I happened to notice, thanks to a cursory web scan, that today is the 100th anniversary of the assassination of the Austrian Archduke Ferdinand by the Serbian nationalist Gavrilo Princip, which set off a chain of disastrous events that led to the First World War. To be fair to Princip, he probably didn't have the whole world war thing in mind when he did it, but that's the way history rocks it.
If there is one thing historians of the 20th century agree upon, it is that this war, a product of arrogance, ignorance and imperialism, was an unparalleled disaster that set in motion the other nasty events of the 20th century. It would be hard to imagine the rise of Nazism without the humiliating defeat of Germany and the punitive treaty that followed. I doubt that the Bolsheviks would have been able to achieve a monopoly of power without the near collapse of Russia the war brought about, which would have also meant no Stalinism.
Ironically, many of the people at the time who opposed the war, such as radicals and socialists, were marginalized and persecuted.
There's not much point in speculating on the "what if?" question. I think some kinds of imperialist/colonial wars were inevitable given the state of the world economy at the time. But it would be hard to imagine a worse course of events, the effects of which we are still feeling.
(Did you guys notice the elegant way in which I avoided ending that lest sentence with a preposition?)

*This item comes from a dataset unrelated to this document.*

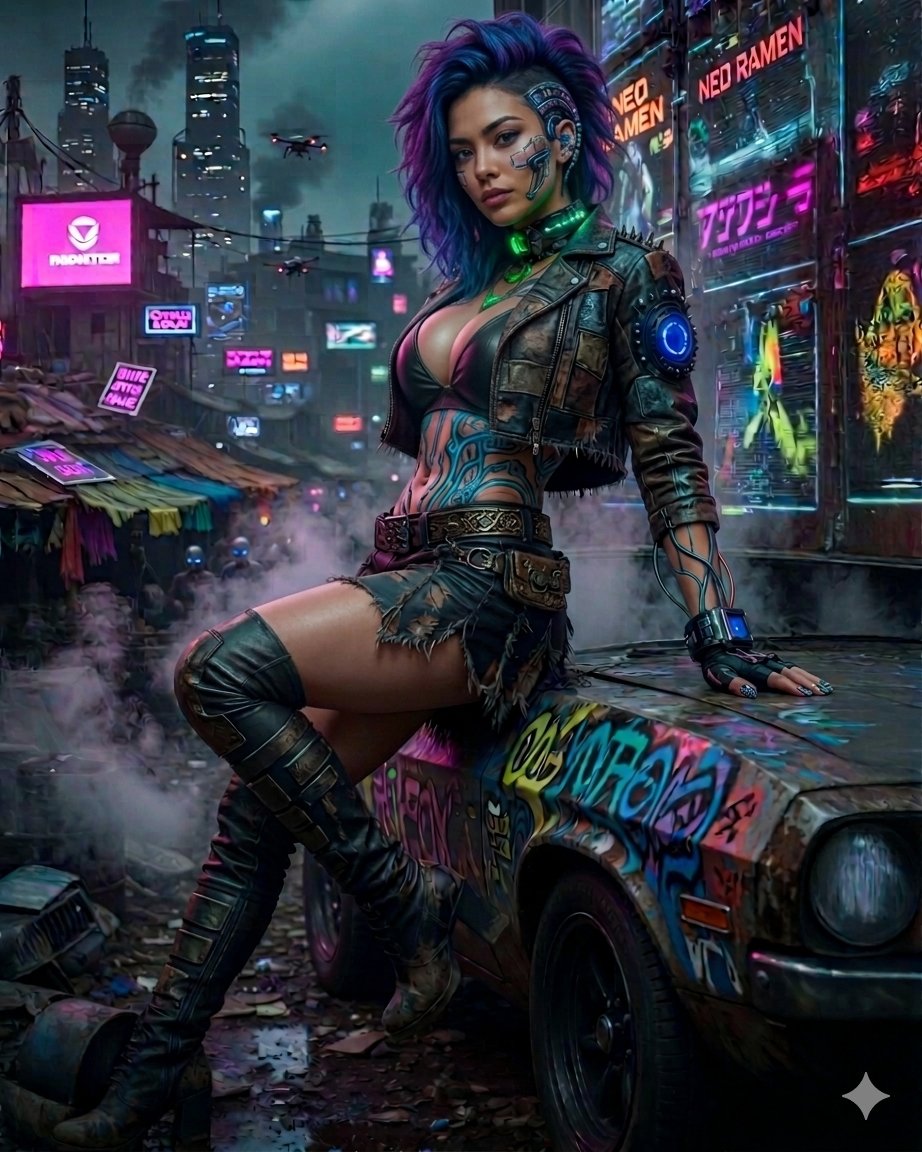 Cyberpunk Woman Weathered Car Mohawk Leather Jacket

A friend of mine in New Hampshire pointed out in this blog post that yesterday was also the 100th anniversary of the conviction of radical labor organizer and songwriter Joe Hill of the Industrial Workers of the World. Hill would have undoubted protested the war as well had he lived, but he was executed in Utah in 1915 on questionable murder charges. Hill wrote some of the best and funniest labor songs ever written, which some disreputable rabble-rousers, myself included, know by heart.